# Can you identify the Mystery Wood



## Ben Holt (Feb 18, 2016)

In @Tclem 's box of goodies, I came across a rough looking piece of black wood. I imagined it was some type of burl. I treated all the cracks with a lot of CA and turned it today. Me LIKEY!! Is it Buckeye? Still trying to figure out the camera. My father is a amateur/professional photographer...his recommendation was to get a real camera. LOL

Reactions: Like 1 | EyeCandy! 1


----------



## ripjack13 (Feb 18, 2016)

Am I seeing some white spots from the sanding dust? With darker woods and burls, I like to use my india ink pen and touch up the white spots. 
It looks nicely done Ben...


----------



## Tclem (Feb 18, 2016)

Ben Holt said:


> In @Tclem 's box of goodies, I came across a rough looking piece of black wood. I imagined it was some type of burl. I treated all the cracks with a lot of CA and turned it today. Me LIKEY!! Is it Buckeye? Still trying to figure out the camera. My father is a amateur/professional photographer...his recommendation was to get a real camera. LOL
> 
> View attachment 97613


Looks like buckeye burl to me. Be careful when you get to the ends.

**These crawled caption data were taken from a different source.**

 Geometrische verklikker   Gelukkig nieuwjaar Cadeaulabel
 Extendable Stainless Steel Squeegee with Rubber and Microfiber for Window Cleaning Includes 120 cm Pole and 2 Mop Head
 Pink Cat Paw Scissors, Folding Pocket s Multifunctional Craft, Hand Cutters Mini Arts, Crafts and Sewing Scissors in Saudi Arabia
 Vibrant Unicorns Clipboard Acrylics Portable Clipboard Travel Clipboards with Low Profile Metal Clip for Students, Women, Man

Looks like you may be overturning a tad

Reactions: Agree 1


----------



## manbuckwal (Feb 18, 2016)

Tclem said:


> Looks like buckeye burl to me. Be careful when you get to the ends. Looks like you may be overturning a tad



I'd say u are right on the buckeye burl. 

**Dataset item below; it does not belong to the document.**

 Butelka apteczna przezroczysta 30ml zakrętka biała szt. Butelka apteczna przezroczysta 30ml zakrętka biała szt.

@Ben Holt Good looking pen


----------



## Ben Holt (Feb 18, 2016)

Tclem said:


> Looks like buckeye burl to me. Be careful when you get to the ends. Looks like you may be overturning a tad


Meaning I'm taking too much wood off near the tip and cap? Anyway to easily prevent this?


----------



## JR Custom Calls (Feb 18, 2016)

Ben Holt said:


> Anyway to easily prevent this?


Don't turn as much off? haha

Don't turn down to your bushings all the way... you have to keep in mind that sanding removes some material, so leave them a little on the big side to compensate. You can use some calipers to check and make sure you're where you need to be.

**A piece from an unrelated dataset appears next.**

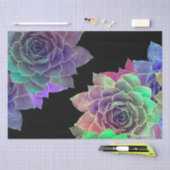 Papier Mousseline Aquarelle Succulente Couleur noir vert pourpre (Artisanat)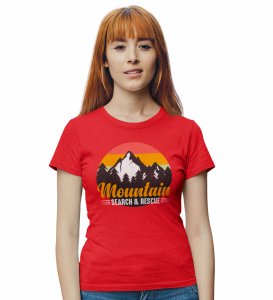 HopOfferSearch And Rescue Red Round Neck Cotton Half Sleeved Women's T-Shirt with Printed Graphics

Reactions: Like 1 | Agree 2


----------



## Tclem (Feb 18, 2016)

What the turkey from Kentucky said. He is finally right about something.

Reactions: Funny 2


----------



## duncsuss (Feb 18, 2016)

Watch the HarborFright flyers for special deals on these "6-inch digital calipers with SAE, metric _*and fractional*_ readings" -- usually $20 but from time to time they drop the price to $12, at which point I always buy another one. (It's cheaper than getting a replacement battery )

I measure the actual pen hardware -- the bushings are not always exactly right, and they tend to shrink over time (something to do with the sandpaper and/or lathe tools that bump into them) -- and write it on a sticky note which I put in clear view while I'm turning. Then as I approach the right size while turning, I stop and check the measurements of the workpiece to see how I'm doing. As a shortcut, I measure the bushings so I know if turning/sanding down to the bushing will actually mean I went too far.

For this purpose, I use the calipers set to decimal readout.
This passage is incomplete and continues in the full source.